▶ TASK DETAILS:
Only one span of the listing below is wanted: the lines from the one with "Ladies' 6.1 oz., 100%" through the one with "Tiger in Forest 5D DIY Diamond Painting", reproduced exactly, both ends kept.

▶ MATERIAL FOR THIS EXERCISE:
BEGIN
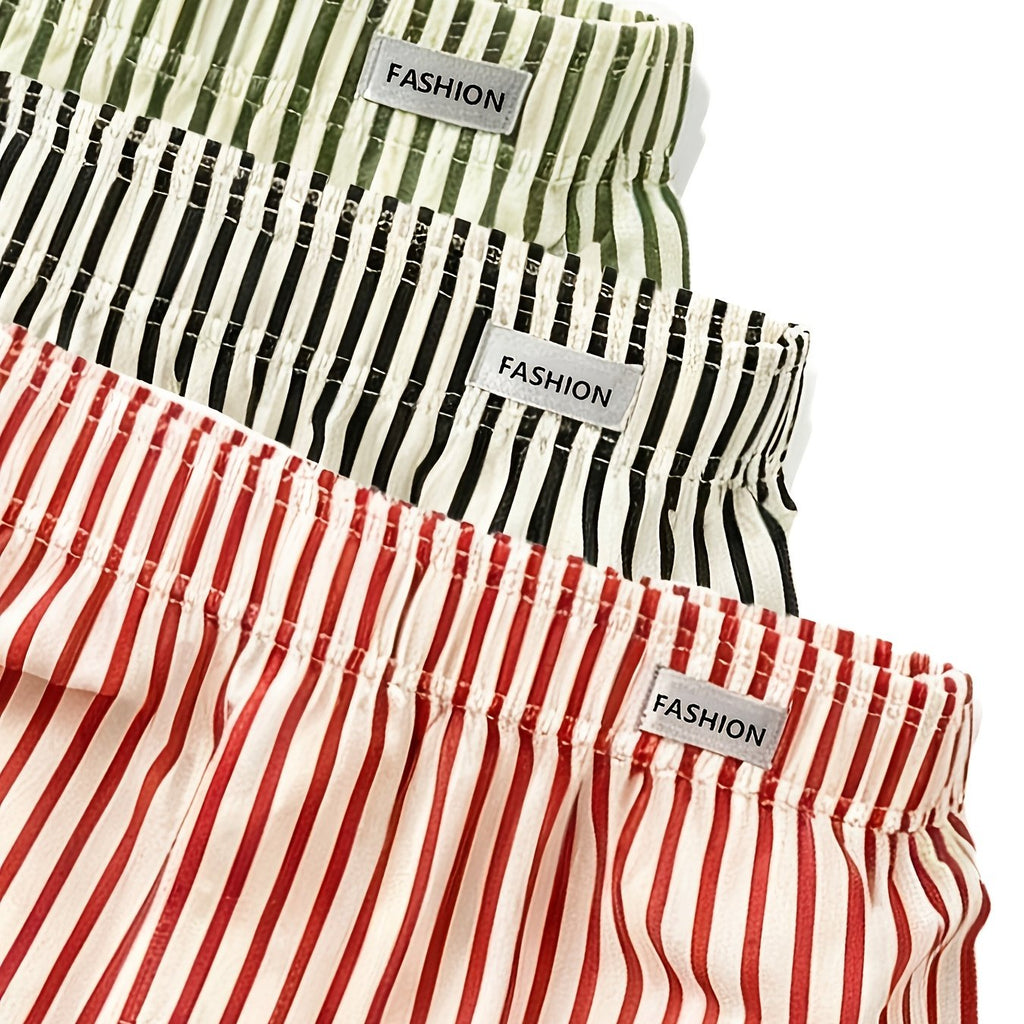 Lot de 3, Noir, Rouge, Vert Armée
END
BEGIN
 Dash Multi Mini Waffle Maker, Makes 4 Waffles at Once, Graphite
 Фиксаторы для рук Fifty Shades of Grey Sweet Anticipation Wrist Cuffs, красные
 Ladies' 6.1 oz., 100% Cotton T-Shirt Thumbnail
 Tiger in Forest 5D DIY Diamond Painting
END
BEGIN
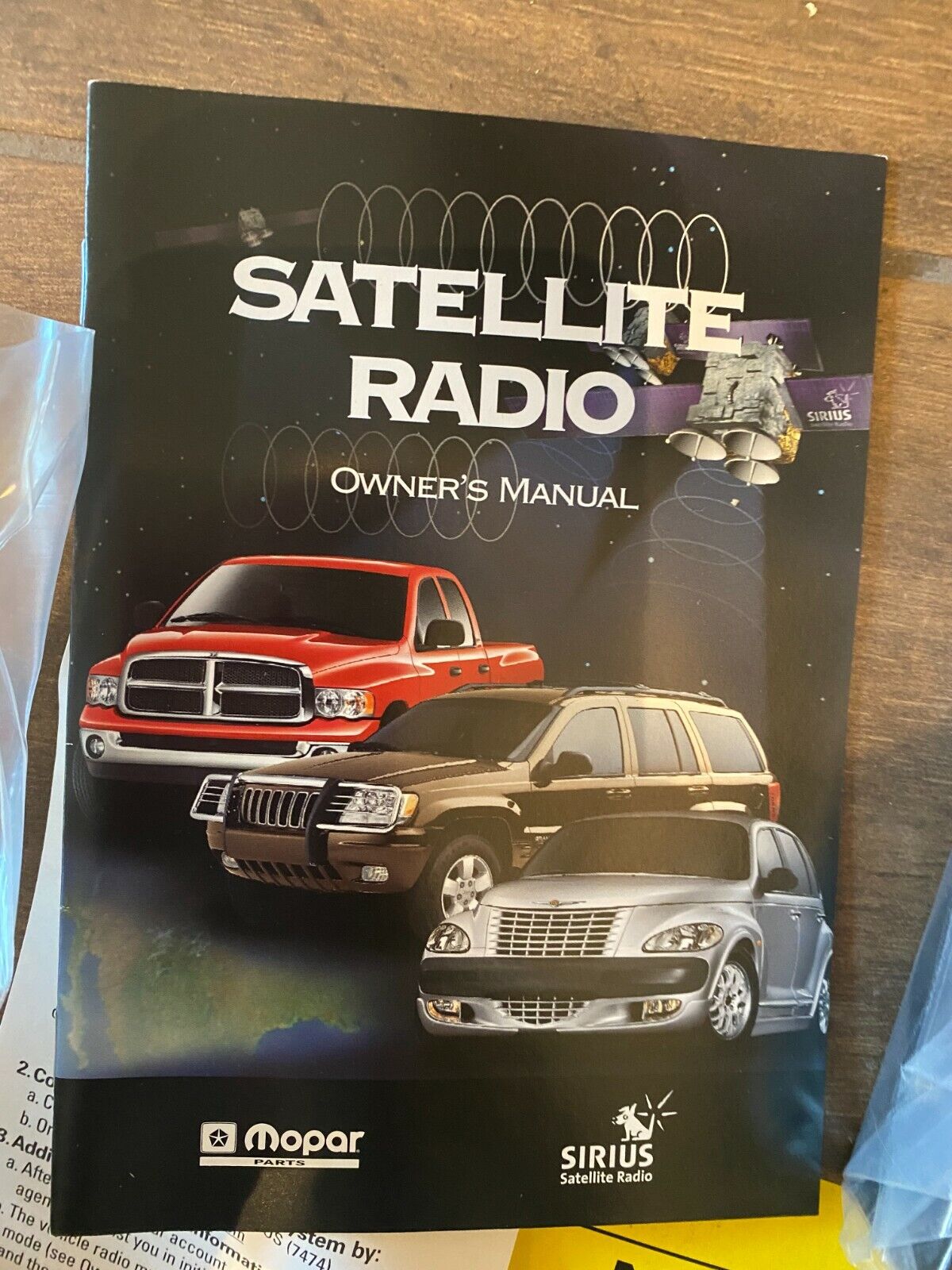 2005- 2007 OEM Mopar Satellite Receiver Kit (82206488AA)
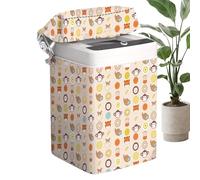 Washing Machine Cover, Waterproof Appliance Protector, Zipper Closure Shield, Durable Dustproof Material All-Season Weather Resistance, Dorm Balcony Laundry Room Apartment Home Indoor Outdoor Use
END
▶ RESULT OF THIS EXERCISE:
 Ladies' 6.1 oz., 100% Cotton T-Shirt Thumbnail
 Tiger in Forest 5D DIY Diamond Painting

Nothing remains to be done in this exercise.